In situations where there is a conflict among the beneficiaries, such as when some siblings wish to retain property and others wish to sell it, the court may direct the trustees to proceed with the sale if it is necessary to resolve the issue and ensure the estate’s debts are paid. If no consensus is reached on retaining the property, a sale can be compelled, as provided under the Partition Act.

 

Overall, the law emphasizes the discretion of the Estate Trustees in managing and selling estate property, provided they act within the legal framework and with the best interests of the estate and its beneficiaries in mind. The court’s involvement is primarily to provide guidance or approve actions when there is uncertainty, but trustees generally retain authority unless there is evidence of misconduct or failure to act fairly.

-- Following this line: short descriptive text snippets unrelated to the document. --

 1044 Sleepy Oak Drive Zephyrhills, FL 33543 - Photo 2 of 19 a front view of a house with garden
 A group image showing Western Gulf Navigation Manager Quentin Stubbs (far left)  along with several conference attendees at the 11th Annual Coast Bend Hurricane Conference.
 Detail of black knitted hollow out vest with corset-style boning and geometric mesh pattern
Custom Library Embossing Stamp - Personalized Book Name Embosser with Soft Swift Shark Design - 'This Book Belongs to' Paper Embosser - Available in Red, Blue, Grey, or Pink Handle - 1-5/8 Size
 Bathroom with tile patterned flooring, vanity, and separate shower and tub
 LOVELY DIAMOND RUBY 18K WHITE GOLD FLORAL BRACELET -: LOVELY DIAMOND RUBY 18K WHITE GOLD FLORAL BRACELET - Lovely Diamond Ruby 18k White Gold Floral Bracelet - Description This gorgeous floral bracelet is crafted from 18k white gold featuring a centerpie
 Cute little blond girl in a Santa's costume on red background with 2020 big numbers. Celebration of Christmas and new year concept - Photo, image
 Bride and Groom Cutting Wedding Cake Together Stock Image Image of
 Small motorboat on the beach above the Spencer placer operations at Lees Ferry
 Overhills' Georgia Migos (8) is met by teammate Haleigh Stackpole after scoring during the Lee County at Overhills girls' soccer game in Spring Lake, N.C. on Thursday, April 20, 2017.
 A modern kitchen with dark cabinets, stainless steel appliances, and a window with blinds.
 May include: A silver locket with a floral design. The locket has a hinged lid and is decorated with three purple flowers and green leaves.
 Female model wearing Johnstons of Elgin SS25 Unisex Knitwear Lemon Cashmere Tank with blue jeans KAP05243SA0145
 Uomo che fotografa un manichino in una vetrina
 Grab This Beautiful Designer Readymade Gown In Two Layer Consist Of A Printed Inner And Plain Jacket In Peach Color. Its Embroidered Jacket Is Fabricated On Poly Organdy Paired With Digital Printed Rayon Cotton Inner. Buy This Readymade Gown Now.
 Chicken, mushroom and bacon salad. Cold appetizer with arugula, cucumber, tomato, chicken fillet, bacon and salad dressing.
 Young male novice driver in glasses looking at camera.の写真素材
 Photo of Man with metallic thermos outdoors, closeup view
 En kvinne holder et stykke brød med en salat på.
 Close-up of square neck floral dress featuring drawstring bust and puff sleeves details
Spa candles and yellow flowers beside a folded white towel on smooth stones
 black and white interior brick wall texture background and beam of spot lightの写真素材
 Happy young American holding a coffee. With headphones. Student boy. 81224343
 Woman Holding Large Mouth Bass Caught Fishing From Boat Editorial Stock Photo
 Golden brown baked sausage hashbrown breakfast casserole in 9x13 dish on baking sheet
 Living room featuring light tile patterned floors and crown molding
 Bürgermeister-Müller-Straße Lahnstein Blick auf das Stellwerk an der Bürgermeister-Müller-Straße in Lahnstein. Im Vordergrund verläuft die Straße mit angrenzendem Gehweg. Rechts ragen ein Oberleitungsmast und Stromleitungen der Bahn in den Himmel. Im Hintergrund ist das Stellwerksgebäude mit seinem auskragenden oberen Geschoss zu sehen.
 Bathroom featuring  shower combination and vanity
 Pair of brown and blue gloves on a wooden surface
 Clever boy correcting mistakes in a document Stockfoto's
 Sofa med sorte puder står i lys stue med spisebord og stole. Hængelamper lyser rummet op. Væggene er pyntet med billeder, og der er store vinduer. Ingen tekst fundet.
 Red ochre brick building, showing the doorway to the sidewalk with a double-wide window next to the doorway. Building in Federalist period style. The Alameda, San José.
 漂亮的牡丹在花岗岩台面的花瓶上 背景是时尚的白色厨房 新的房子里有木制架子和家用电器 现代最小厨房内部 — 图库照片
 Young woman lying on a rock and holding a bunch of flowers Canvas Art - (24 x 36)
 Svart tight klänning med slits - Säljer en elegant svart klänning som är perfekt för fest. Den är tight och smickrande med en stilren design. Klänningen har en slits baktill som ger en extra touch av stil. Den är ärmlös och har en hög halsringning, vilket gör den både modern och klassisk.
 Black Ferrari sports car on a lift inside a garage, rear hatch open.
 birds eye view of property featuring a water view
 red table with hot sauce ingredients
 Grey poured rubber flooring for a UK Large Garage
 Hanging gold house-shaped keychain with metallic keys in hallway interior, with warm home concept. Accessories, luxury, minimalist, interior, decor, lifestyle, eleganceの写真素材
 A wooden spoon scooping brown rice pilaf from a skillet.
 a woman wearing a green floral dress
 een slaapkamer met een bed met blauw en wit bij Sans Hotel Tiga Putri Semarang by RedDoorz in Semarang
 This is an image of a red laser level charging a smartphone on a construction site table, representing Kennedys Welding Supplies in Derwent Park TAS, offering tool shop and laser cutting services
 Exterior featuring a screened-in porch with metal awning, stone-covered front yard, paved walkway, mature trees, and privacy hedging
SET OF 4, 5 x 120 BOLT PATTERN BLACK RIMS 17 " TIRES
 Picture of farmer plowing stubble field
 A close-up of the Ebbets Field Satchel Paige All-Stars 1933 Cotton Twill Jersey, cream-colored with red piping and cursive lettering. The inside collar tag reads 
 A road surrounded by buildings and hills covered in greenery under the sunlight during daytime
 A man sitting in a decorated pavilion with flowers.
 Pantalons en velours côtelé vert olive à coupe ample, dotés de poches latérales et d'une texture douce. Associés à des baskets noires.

Good Faith Efforts to Sell the Cottage

The Estate Trustees, Roger and Lynette, took several steps to sell the cottage fairly. They obtained three professional opinions on its value and offered the beneficiaries the chance to buy it before listing it publicly. When they eventually listed the property, the sale was made after rejecting a lower offer from Philip and Anita and receiving a higher offer from another buyer, 258. The trustees acted in good faith throughout the process, providing transparency and considering all the beneficiaries’ interests.

Fairness in Estate Trustees’ Actions

The Estate Trustees were transparent and reasonable in their management of the estate, including providing the beneficiaries with information, involving them in decisions, and acting to pay off estate debts. Despite some disagreements from Philip and Anita, their criticisms of unfairness were not substantiated. The trustees did not violate their fiduciary duties.

Court’s Advice and Direction

After finding that the Estate Trustees acted fairly and in good faith, the court did not intervene in their discretion over which offer to accept. It reviewed two competing offers and, after considering all factors, concluded that the offer from Philip and Anita for $440,000 was the better one. The court directed the Estate Trustees to accept this offer, despite the earlier agreement with 258.

Other Relief Sought by Respondents

Philip and Anita had requested a full accounting of the Estate’s finances, but the court ruled that there was insufficient cause to order it at this time. The disclosure provided thus far was deemed reasonable, and further disclosure will be necessary after the sale is completed.

Conclusion

Justice Kalajdzic J. upheld the Estate Trustees’ actions, found them to have acted in good faith, and directed them to accept the offer from Philip and Anita for the sale of the cottage. Further motions for costs were to be submitted by January 10, 2025.